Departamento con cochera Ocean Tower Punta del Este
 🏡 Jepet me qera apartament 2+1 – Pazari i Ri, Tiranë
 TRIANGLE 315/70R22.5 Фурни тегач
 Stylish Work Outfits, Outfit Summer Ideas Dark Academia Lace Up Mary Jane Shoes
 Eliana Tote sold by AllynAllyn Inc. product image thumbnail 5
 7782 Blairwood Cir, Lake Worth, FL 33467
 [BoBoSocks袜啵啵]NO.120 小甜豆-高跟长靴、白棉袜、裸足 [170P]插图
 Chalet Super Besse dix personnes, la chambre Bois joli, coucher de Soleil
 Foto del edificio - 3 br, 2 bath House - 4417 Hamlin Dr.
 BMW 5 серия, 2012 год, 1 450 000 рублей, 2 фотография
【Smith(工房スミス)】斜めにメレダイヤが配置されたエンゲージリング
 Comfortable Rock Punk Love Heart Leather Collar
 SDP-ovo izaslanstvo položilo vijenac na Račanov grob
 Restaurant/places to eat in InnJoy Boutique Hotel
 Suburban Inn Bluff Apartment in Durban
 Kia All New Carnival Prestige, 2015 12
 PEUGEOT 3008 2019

== Directions for this task ==
Exact retyping is required: the line with "SDP-ovo izaslanstvo položilo" through the end of the data, both ends included, and no other line.

== Response ==
 SDP-ovo izaslanstvo položilo vijenac na Račanov grob
 Restaurant/places to eat in InnJoy Boutique Hotel
 Suburban Inn Bluff Apartment in Durban
 Kia All New Carnival Prestige, 2015 12
 PEUGEOT 3008 2019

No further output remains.